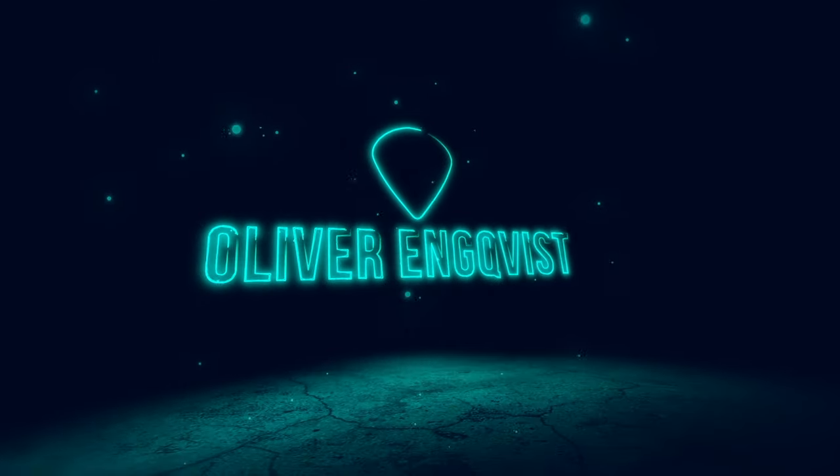Thank you so much for watching this video. If you're into guitar stuff or just guitars in general, please subscribe to my channel. Oliver Inqvist signing out — I'll see you next time.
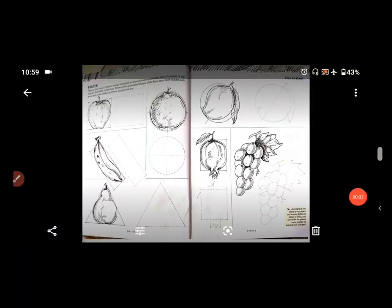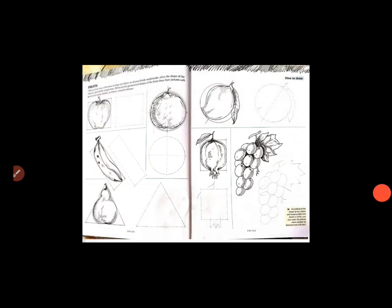Hello students, Standard 6. How are you all? I hope you all are fine. And so students, today again I am coming with a drawing subject. I hope you completed the last homework about man-made things.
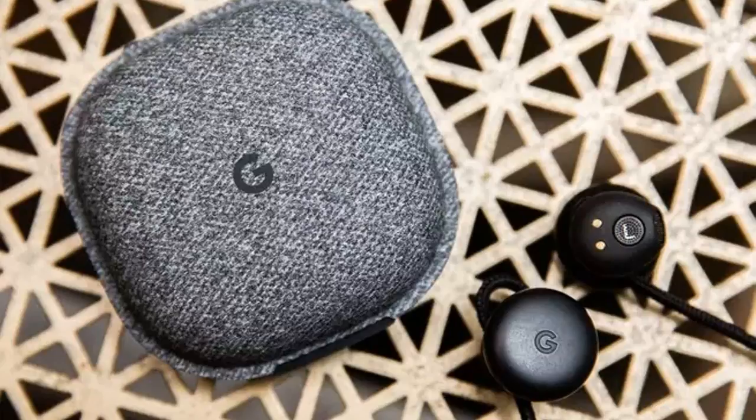Buttons, however, still have a place on gadgets, despite manufacturers' quests to turn everything to touch.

#### [TASK DIRECTIONS]
Transcribe all lines above exactly, skipping pictures.

#### [WRITTEN RESPONSE]
Thank you so much for watching this video. If you're into guitar stuff or just guitars in general, please subscribe to my channel. Oliver Inqvist signing out — I'll see you next time.
Hello students, Standard 6. How are you all? I hope you all are fine. And so students, today again I am coming with a drawing subject. I hope you completed the last homework about man-made things.
Buttons, however, still have a place on gadgets, despite manufacturers' quests to turn everything to touch.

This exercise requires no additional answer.